We were binge-watching BBC British history shows last night, which I enjoy mostly to see -- in absolutely every episode no matter the topic and without fail --
what costumes will Lucy Worsley wear?
Episode begins: it's the history of the British living room since medieval times.
Me: "how is she going to wear a living room?"
Later: Lucy Worsley in 17th century costume in 17th century living room...
So I started to worry. I casually know more British history than American history. Is that bad? Why doesn't the Discovery Channel replace one of those stupid shows about aliens with some breezy and colorful histories of American culture? Olive-drab WW2 documentaries on the History Channel do not count.
And then that got me thinking about cultural/political fragmentation or polarization in the US, and so on. I wonder what role pop-culture pieces like those BBC history shows have in maintaining a kind of cultural solidarity that is politically/socially useful? By useful I mean leads to better outcomes for more people.
This reminded me of an interesting panel at the ASA last year which I didn't see in its entirety, but which began with a speaker setting up a conversation with the premise that the creation of most, if not all, modern social welfare states was associated with various kinds of nationalisms, and that it was the fostering of national identities (and associated cultural solidarity) which, at least historically, seemed to be a necessary foundation for the creation and maintenance of those institutions. The core idea being more or less that people tolerate social programs whose benefits are felt to be intended for in-groups, where in and out correspond to national identity. This seems more or less incontestable to me as a matter of history, but the obvious downside of course is that "national identities" have also historically tended to be ethnic identities, and so the cultivation of larger "national" in-groups has invariably been associated with various kinds of ethnocentrism, racism, and discrimination against out-groups in general, anti-immigration sentiment, and so on. The speaker's question then was something like: is it possible to create the kind of solidarity which is necessary for broad modern social welfare states without ethno-nationalism, and how might we help bring that project along?
So, back to the BBC history show, I wonder if it comes off the same way to a British citizen of Indian descent, for example. I was thinking of it as a vehicle for expressing and reinforcing shared identity, and the potential value in that, but I guess it doesn't necessarily work that way for everyone, nor would an American equivalent focusing on the lives of European immigrants in the US (in the way that these BBC specials tend to be focused on
English history in particular).
It seems like a difficult problem. Properly speaking, "ethnicity" (vs. race) entails shared history and culture, so conceptually it's probably incoherent for me to formulate this as "nationalism without ethnic identity". It's more like, how do you create
new and more inclusive ethnic identities? A British identity which isn't exclusively Anglo-Saxon, or an American identity which isn't de facto white? How do you foster a sense of shared identity, history, and consciousness when the shared history is, at best up until very very recently, a history mostly of domination and oppression? And yet it seems clear that the present divides in American culture and politics have a lot to do with this problem, although obviously not every American cultural divide fits neatly in this scheme (religious differences maybe? Urban/rural cultural differences don't reduce to ethnic identity, etc.)

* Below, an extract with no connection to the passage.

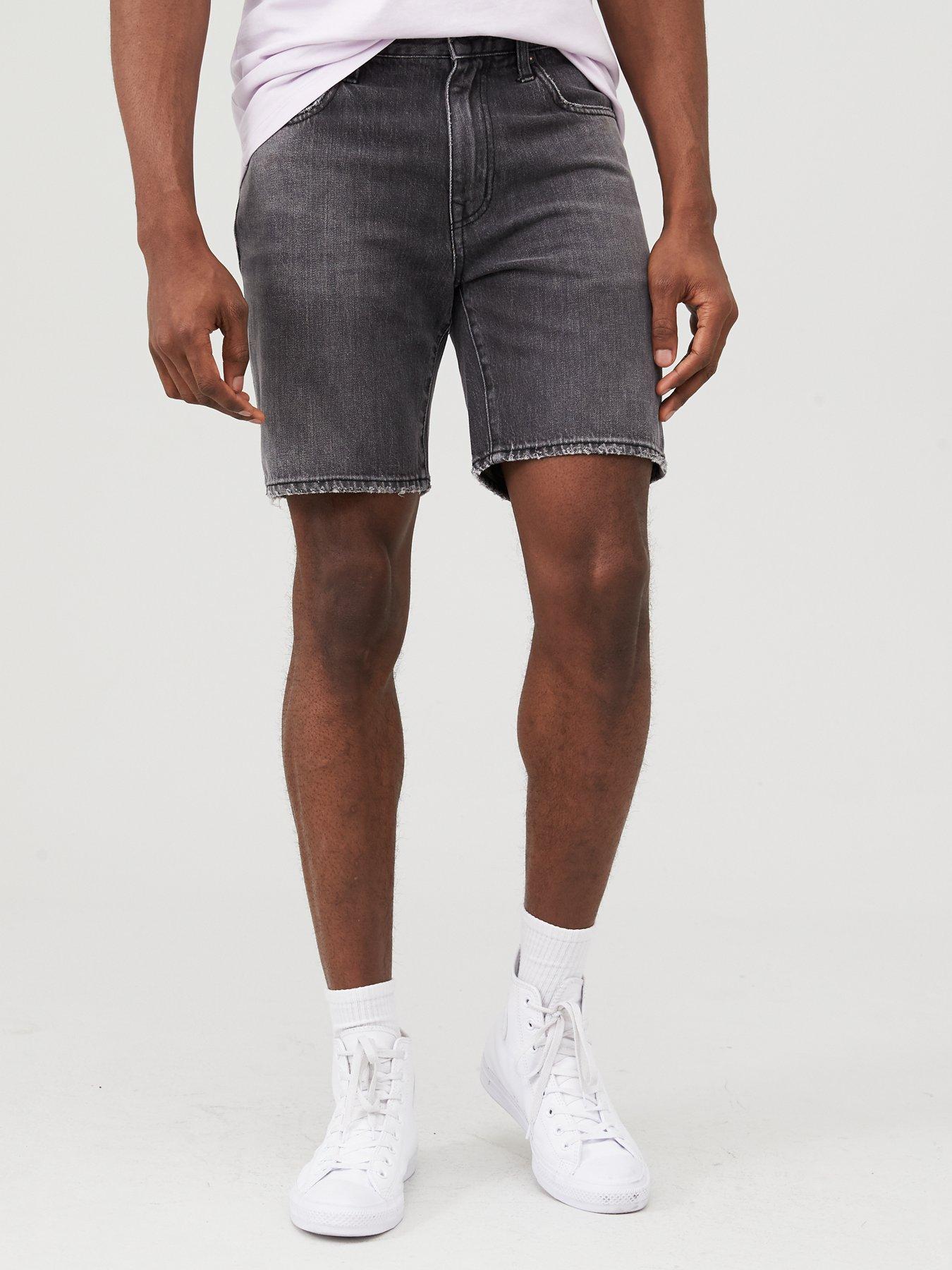 tapered denim shorts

I guess the other idea is I think implicitly at least progressives (I'm counting myself) tend to respond to nationalism as an idea by thinking that we should just think bigger? Why should shared identity be limited by imaginary political borders? But even leaving aside tendencies towards in-group/out-group biases it seems difficult to imagine people forming in-groups which include people they have no social connection to whatsoever. Whereas forming more inclusive in-groups across racial/cultural boundaries with people we live closer to seems at least plausible (segregation, both racial but also urban/rural seems indicated as a cause here. We live nearby but we don't really interact...)
That's probably enough rambling for now.